L'action et la narration semble conjointe, comme si la narration se faisait de manière simultanée à l'action. Cela donne un effet de présence théâtrale ou cinématographique.

On appelle cet effet une "scène".


Du point de vue du traitement du temps et de la chronologie, que remarquez-vous concernant la première phrase ?

La première phrase résume toute la journée de travail à un décomptage des heures. Une phrase seulement pour évoquer cette longue journée, comme un fait passé, révolu !

Notez donc qu' une ellipse de cette journée de travail ouvre la nouvelle (première phrase )...


Cette ellipse donne un effet dramatique assez remarquable, si on y réfléchit bien : bien que cette journée de travail de douze heures soit presque effacée par le texte, on en voit tous ses effets négatifs par la suite : la fatigue et la misère dans laquelle la jeune fille est maintenue.


3 - Traitement du personnage / protagoniste :

est-elle une héroïne... ou une anti-héroïne ?


La manière de désigner le protagoniste :


Par quel(s) mot(s) le personnage est-il désigné ?

Un fait remarquable est que le personnage reste totalement anonyme.

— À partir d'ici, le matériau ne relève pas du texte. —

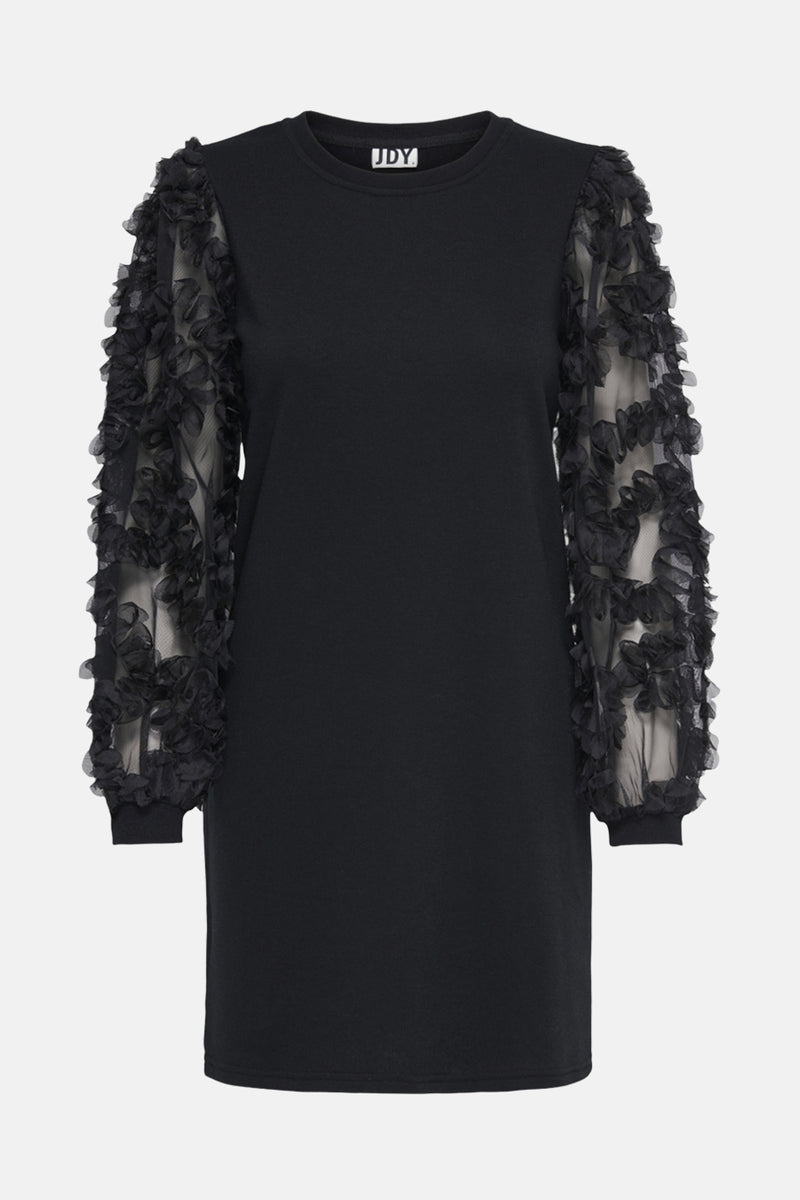 Kleedje met lange mouwen - zwart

Le pronom "elle" revient de manière répétée pour la désigner.

Dans toute la nouvelle, les seuls noms qui la désignent sont : "enfant" ("C'est une enfant (...)", l.17) et "femme" ("Mais elle est femme (...)", l.32), c'est-à-dire deux noms communs.


Quel est l'effet produit ?

Cela donne un aspect de généralité à son personnage, mais aussi lui retire de l'individualité, lui refuse une identité propre.

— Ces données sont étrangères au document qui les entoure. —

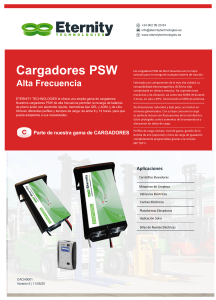 Catálogo cargadores PSW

La répétition du pronom "elle" est quelque peu litanique (= comme une litanie, c'est-à-dire une chanson monotone et répétitive).


Les descriptions du personnages


Cette nouvelle consiste essentiellement en un portrait du personnage. Montrez-le. Quelle image du personnage est-elle donnée ?

Le portrait direct qui est fait de la protagoniste est un portrait physique qui met en valeur tous les aspects négatifs de son apparence. Le portrait est dévalorisant.

Par ailleurs, le portrait en acte de la jeune fille (= la description de ses gestes et de ses attitudes) , qui la montre dans des attitudes animales... ne la met pas en valeur non plus.

Enfin, sa transformation morale, indiquée par la phrase lignes 45-46 " (...) elle est toute entière à la tentation du mal", est le contraire d'une sublimation: c'est une dégradation morale.